▶ [What is needed]:
Below are entries; copy exactly, and only, the lines from the one containing "3 BHK Independent" through their final line, leaving out pictures.

Dataset records:
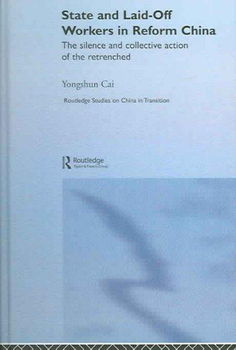 State And Laid-off Workers in Reform Chinastate 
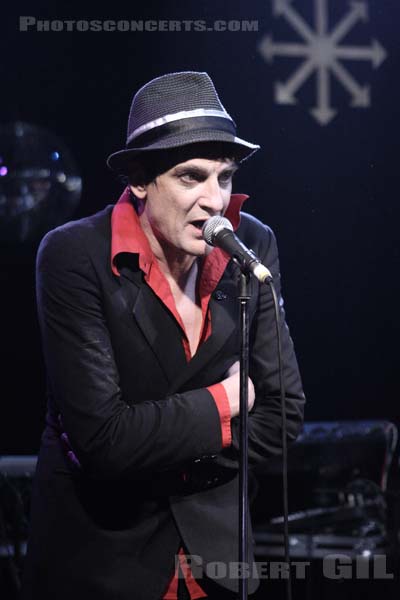 JAD WIO - 2008-02-07 - PARIS - Trabendo - Christophe Kbye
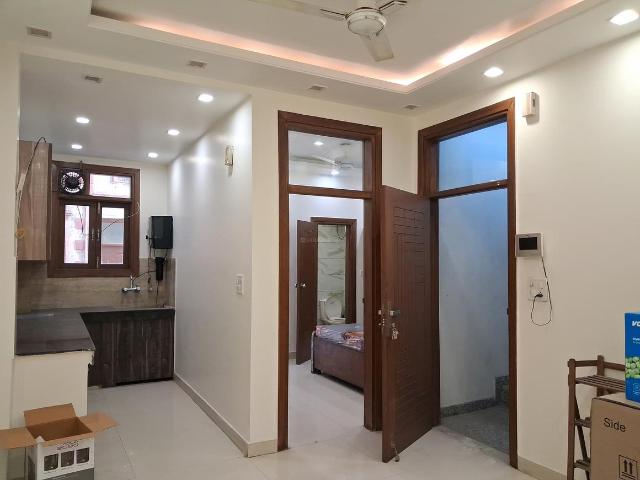 3 BHK Independent Builder Floor in Ranjeet Nagar for rent New Delhi. The reference number is 19453872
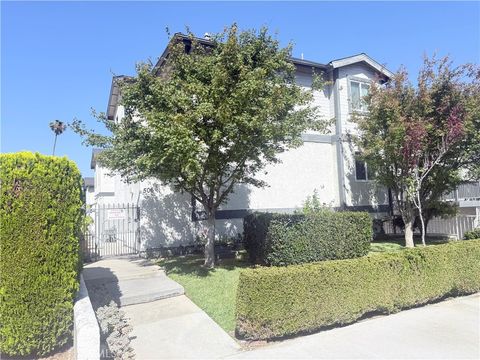 Photo of 506 N Chapel AVE #E, Alhambra, CA 91801 (MLS # TR26118138)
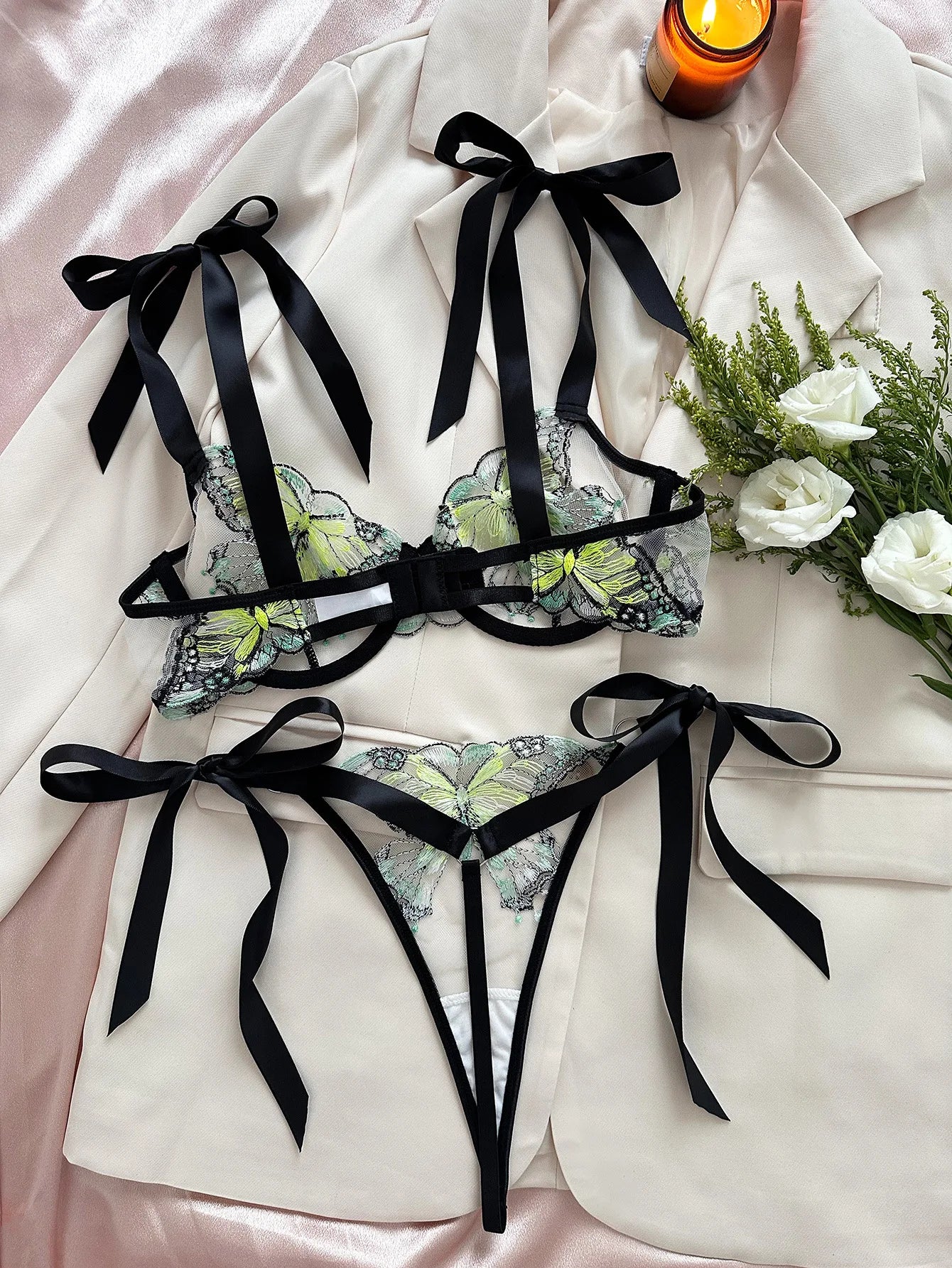 Lingerie Saofa’i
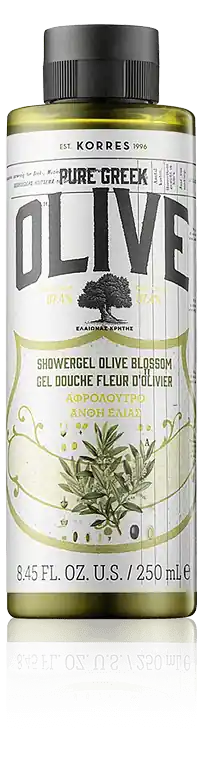 Handgefertigt Korres Olive Shower Gel Olive Blossom (250 ml)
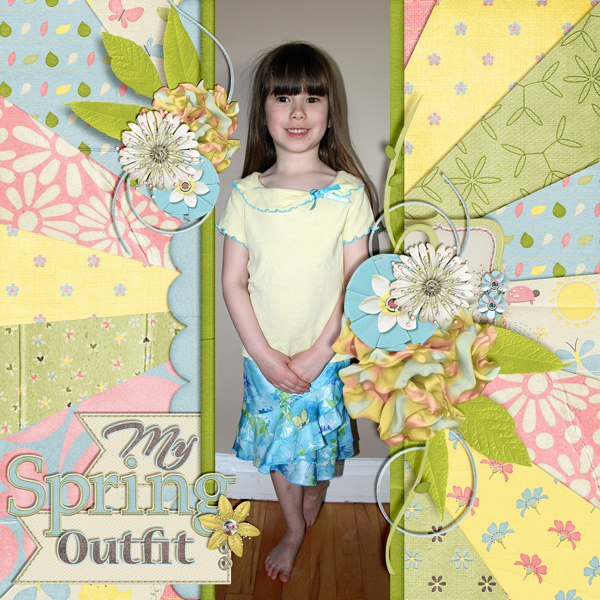 Spring Outfit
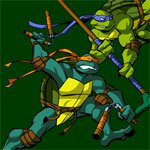 Play Teenage Mutant Ninja Turtles Shootdown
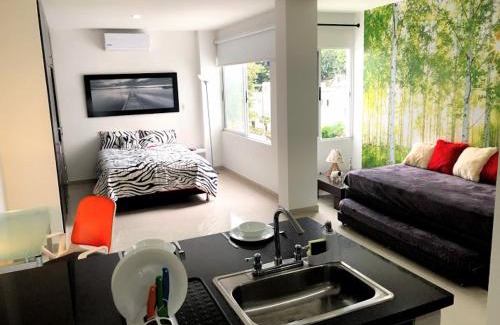 Cali Apartment | Apartaestudio Arboleda del Ingenio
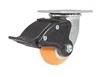 PREMIUM HD POLYURETHANE ELASTOMER (SI) CASTERS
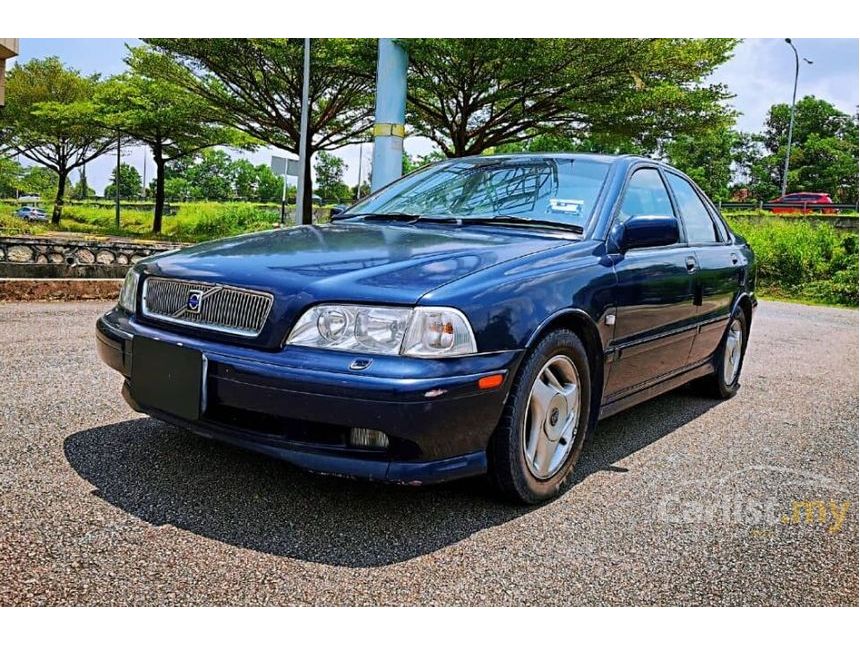 Volvo S40 1999 Lpt 1 9 In Sabah Automatic Sedan Black For Rm 8 800 8401356 Carlist My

▶ [Answer to this task]:
 3 BHK Independent Builder Floor in Ranjeet Nagar for rent New Delhi. The reference number is 19453872
 Photo of 506 N Chapel AVE #E, Alhambra, CA 91801 (MLS # TR26118138)
 Lingerie Saofa’i
 Handgefertigt Korres Olive Shower Gel Olive Blossom (250 ml)
 Spring Outfit
 Play Teenage Mutant Ninja Turtles Shootdown
 Cali Apartment | Apartaestudio Arboleda del Ingenio
 PREMIUM HD POLYURETHANE ELASTOMER (SI) CASTERS
 Volvo S40 1999 Lpt 1 9 In Sabah Automatic Sedan Black For Rm 8 800 8401356 Carlist My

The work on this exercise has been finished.